The whole point of Lacan’s imaginary is to understand how the individual generates an imaginary space of the self by tying together its intimate fantasies (of coherence, unity, stability, etc.) with an external image. Lacan spoke of this process as a “drama” because the imaginary superimposes identification with alienation: “Alienation is constitutive of the imaginary order. Alienation is the imaginary as such” (Lacan Citation1997, 146). Although the subject can establish self-identity only through its identification with an external image, this image never becomes “fully” part of the self. The imaginary therefore makes it structurally impossible for the subject to achieve “full” self-identity due to the impossibility of a complete internalization of the image: “To Lacan, this proves that the imaginary is not very well accommodated in human beings. A human being can couple his or her image to basically any object in the environment; no object is perfectly suitable to complement a human being’s self-image” (Nobus Citation1999, 116).

Lacan offered us a weak notion of self-identity based on the impossibility of an ultimate linkage between imagination and image. For Lacan, psychoanalysis therefore stands in ultimate opposition to every attempt to strengthen the ego, commonly known as “ego-psychology,” which Lacan (Citation2006, 336) considered the “antithesis” of any true psychoanalysis, whose ultimate aim is not a strengthening but a weakening of the ego and all areas affected by it: “Not only is the conscious identity or individuality (or ego) of the subject dramatically decentralized and deprioritized—viewed in fact as a type of symptom or mirage—but so is the whole field of meanings and (self-)understandings premised upon such an egoic (or ‘imaginary’) basis” (Hook Citation2018, 4). By offering us a decentralized and deprioritized notion of the (ego of the) subject, Lacanian psychoanalysis becomes an ultimate forerunner of what is usually claimed to be the insight of the more-than-human turn. If decentering the subject, in human geography and elsewhere, means “to treat the figure of the thinking human subject … [as an] always-fragile production” (K. Anderson Citation2014, 14), we insist on the psychoanalytic traversal of the ego as a fruitful approach to fulfill this task.

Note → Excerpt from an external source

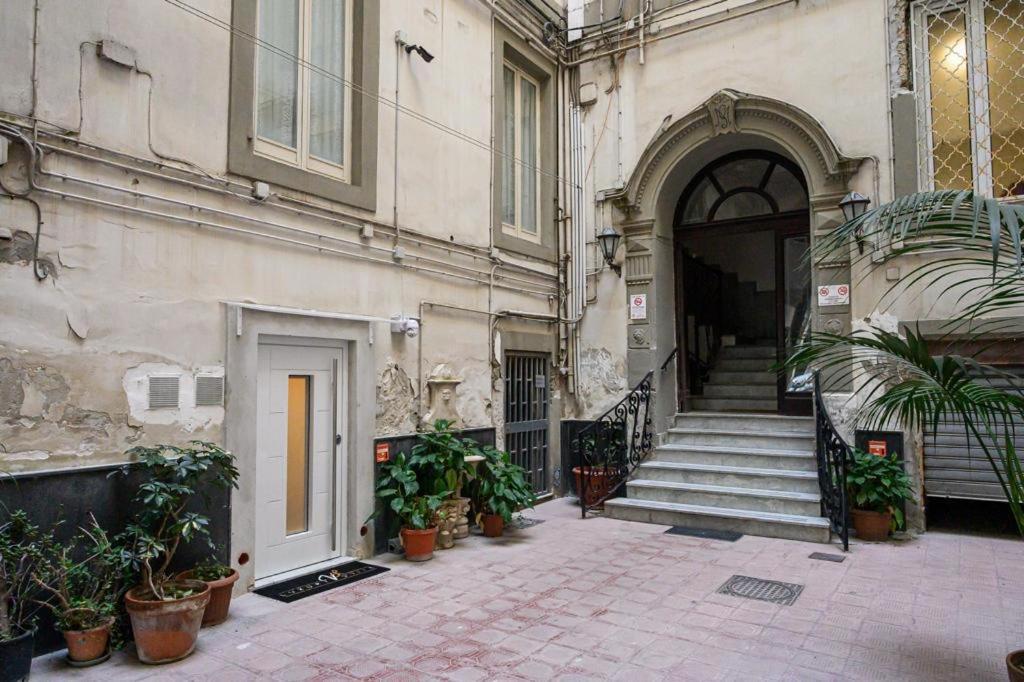 Luxury Suite Napoli Exterior photo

Getting Caught up in the Lure of Spatial Identification

One should always provide a little illustration for what one discusses.

—Lacan (Citation2013, 34)

We now demonstrate how geographical research can empirically scrutinize this decentered subject as a spacing maneuver. In an ongoing research project that engages with emotional and affective dimensions of security-related geographical imaginations, our research team conducted 169 interviews in Berlin, Vancouver, and Singapore with people from a variety of social classes and age groups to speak about the security-related issues and challenges they face in their urban everyday lives. We chose to focus on security and insecurity in our research because they are crucial contributors to the construction of various subject positions (based on age, class, gender, etc.) and are part and parcel of geographical imaginations of urban life. Therefore, we scrutinized the (in)securing aspects emanating from housing and home-making (Pohl et al. Citation2020) and analyzed the importance of geopolitical positioning with respect to political caesuras for everyday perceptions of security (Genz et al. Citation2021; for an overall summary of this project’s research agenda, see also Helbrecht et al. Citation2022). What we want to focus on in the following is the methodological approach used in our research, specifically how the use of images in the interviews gave us access to the intimate space of self-positioning.

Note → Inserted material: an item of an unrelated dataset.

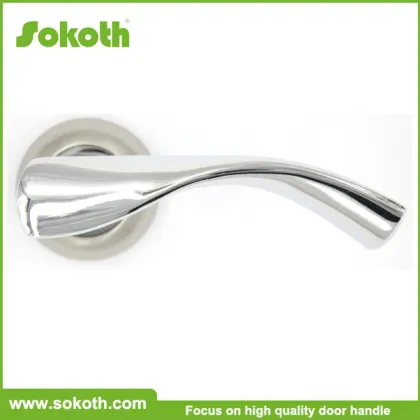 Sokoth ALU handle,door handle Spain,indoor door handles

The interviews followed the approach of photo-elicitation, which is one of the two main strands of image-based interviews, often defined in contrast to “reflexive photography” (Harper Citation2002). Although photo-elicitation is certainly not new to geographers and is even considered alongside reflexive photography as “well established and time-honored staples in the photography toolkit of geographers” (Sanders Citation2020, 101), we extend the scope of previous uses of this method by demonstrating that photo-elicitation is particularly suited to investigating the decentering of the subject. Photo-elicitation allows us to reveal how subjects internalize an external image by using it as a fantasy screen for projecting their desires. In reflexive photography, the subject already identifies with the image when entering the interview (because it is the interviewee who takes the photographs used in the interview); in photo-elicitation, the researcher actively participates in the process by which the interviewee gets decentered, creating an imaginary unity through the image of the other.

For our research project, several photographs were used that not only depict different scales and types of space (from rooms and squares to borders and outer space) but also leave room for “free associations.” Apart from the selection of images, the interviews followed a very open approach, with the images being shown to the interviewee one after the other as broad questions are asked like, “What do you see in this image?” or “What feelings does this image trigger?” In the following, we provide a type of best-case scenario for this research method. Therefore, we arranged several moments from the 169 interviews in a way that allows us to differentiate what we consider five elementary steps for researching the imaginary spacings of the subject through image-based interviews. We describe the following five stages in more detail in what follows:

  1. Description: The interviewee describes the manifest content of the image.

  2. Interpretation: The interviewee tries to make sense of the image.

  3. Identification: The interviewee develops an imaginary relationship with the image.

  4. Questioning: The interviewee questions the meaning of the image.

  5. Traversal: The interviewee loses the connection to the image.

In the following, we focus on only one of the images used in all three cities, often as the first image to begin the interview (). When looking at this image, interviewees often started with a description of the various objects shown in this image (Stage 1). Most prominently, there is the bed in the center, but there are also blankets, books, clothes, a backpack, electricity, some other belongings, and a large photograph of a woman holding a camera, all spread out on the floor around the bed. Although the room was often initially described as full of things, many interviewees nonetheless pointed to a certain “emptiness” that distinguished this image. For instance, when asked what they saw in the image, one immediate response was, “an empty, tiled room” (Ber19_35).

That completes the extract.